But what is it that gives some metaphors this significance? Why has the computer-metaphor of mind become constitutive of Cognitive Psychology? Why are temporal relationships spatialised in similar ways across many languages? Most recent research has aimed to answer this question by finding the ‘place’ where metaphors ‘reside’ – the ‘basis’ of metaphor, so to speak. Some approaches have emphasised the social aspects of metaphorical meaning, and have argued that successful metaphors are ‘socially situated’ (e.g., Zinken, Hellsten, & Nerlich, in press). Other (more influential) approaches have emphasised the primacy of particular (hypothesised) brain structures in accounting for the success of some metaphors. This is particularly true for researchers in Evolutionary Psychology (such as Steven Pinker) and Conceptual Metaphor Theory (such as George Lakoff).

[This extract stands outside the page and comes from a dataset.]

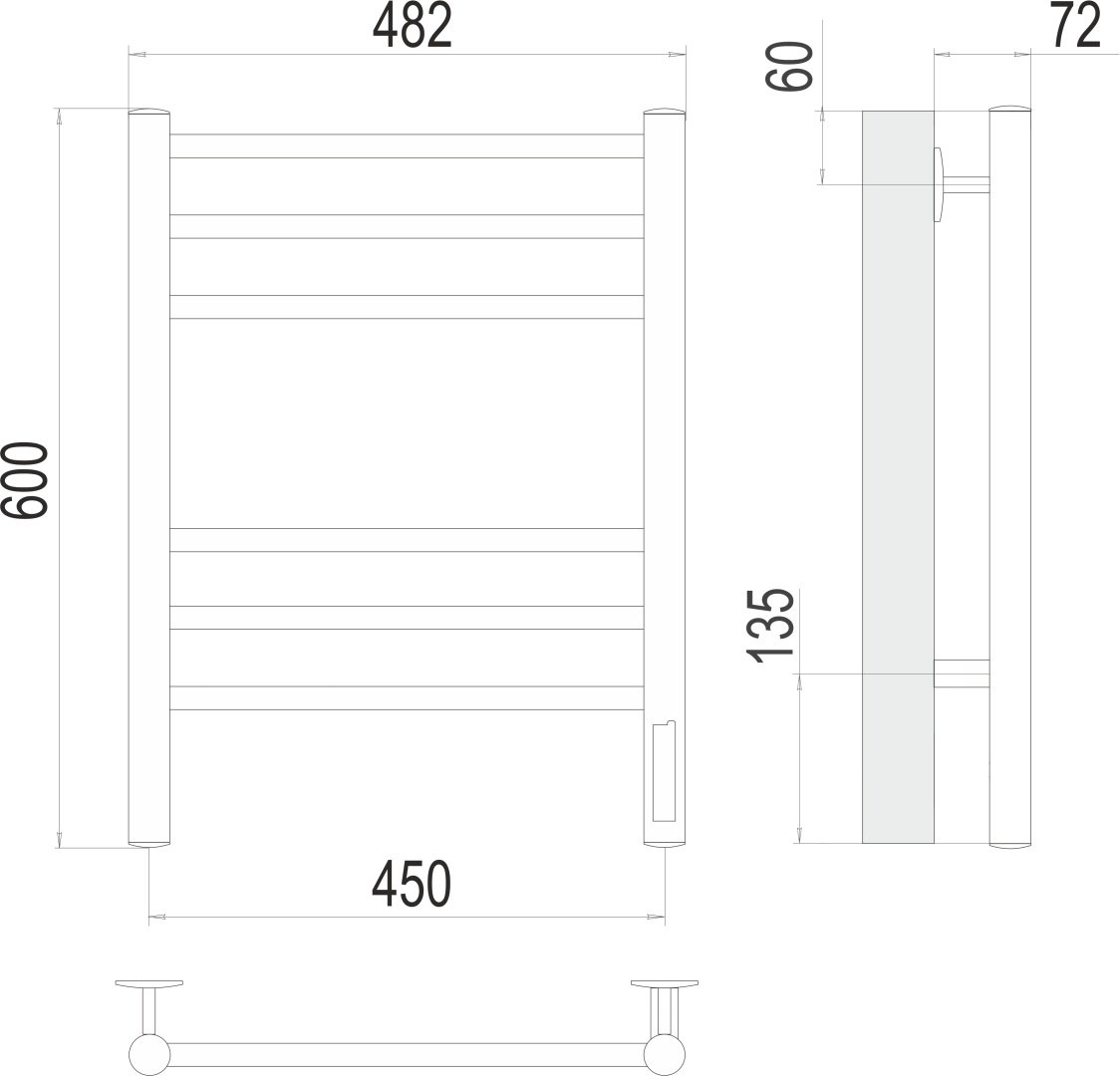 Полотенцесушитель электрический TERMINUS 4670078527479, лесенка 45x60 см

In this talk, the parallels between these otherwise opposing standpoints will be outlined. Both approaches share the problem that they assume that metaphorical meaning is somehow ‘there’ in the relevant structure (the cultural model or the brain). Since metaphor researchers would reject this ‘conduit metaphor’ of meaning (Reddy, 1993 ), generalising metaphorical utterances into cultural models, or neuronal networks, is only an apparent explanation of a metaphor’s success. An alternative approach will be outlined here, which analyses successful metaphors as elements in a history of discourse (Gigerenzer & Goldstein, 1996; Zinken & Musolff, in prep.).
This perspective has consequences for theories of metaphor meaning. In particular, consequences for theorising about the universality of some metaphors will be highlighted.

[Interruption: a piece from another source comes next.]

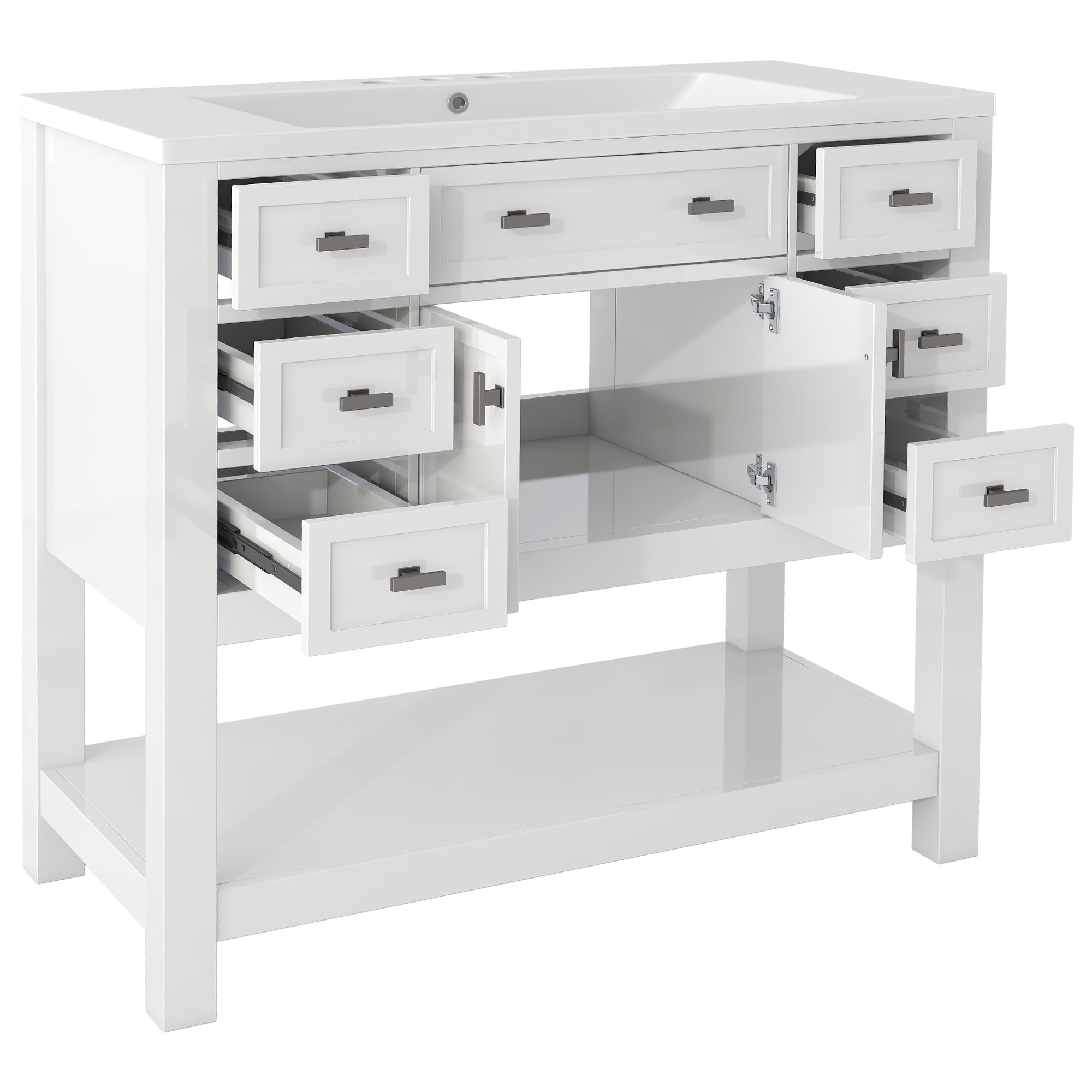 36'' Freestanding Bathroom Vanity Set with Integrated Resin Sink and Drawers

Gigerenzer, G., & Goldstein, D. G. (1996). Mind as computer: birth of a metaphor. Creativity Research Journal, 9(2-3), 131-144.

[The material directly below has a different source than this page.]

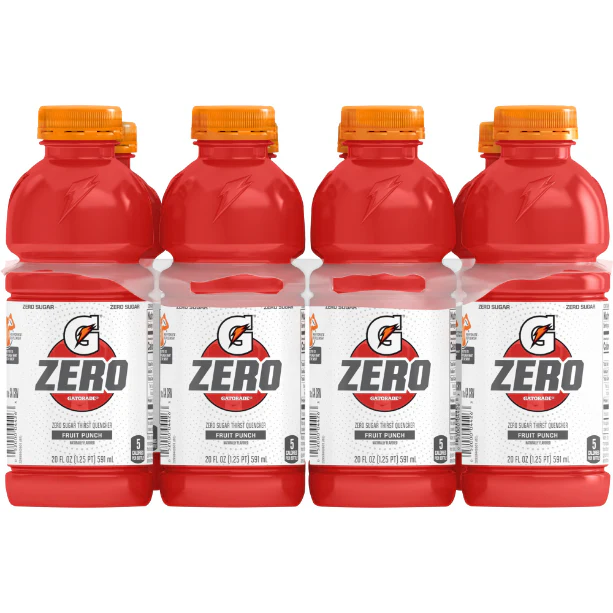 Gatorade G Zero Sugar Fruit Punch Thirst Quencher Sports Drink 20 oz, 8 Pack Bottles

Reddy, M. J. (1993 ). The conduit metaphor: A case of frame conflict in our language about language. In A. Ortony (Ed.), Metaphor and Thought (pp. 164-201). Cambridge: CUP.
Schoen, D. A. (1979). Generative Metaphors: A Perspective on Problem Solving in Social Policy. In A. Ortony (Ed.), Metaphor and thought (pp. 254-283). Cambridge: Cambridge University Press.
Zinken, J., Hellsten, I., & Nerlich, B. (in press for 2008). Discourse metaphors. In R. Dirven, R. Frank & E. Bernardez (Eds.), Body, Language, and Mind: Sociocultural Situatedness (Vol. 2). Berlin: Mouton.
Zinken, J., & Musolff, A. (in prep. For 2008). Introduction. In A. Musolff & J. Zinken (Eds.), Metaphor and discourses. Basingstoke: Palgrave Macmillan.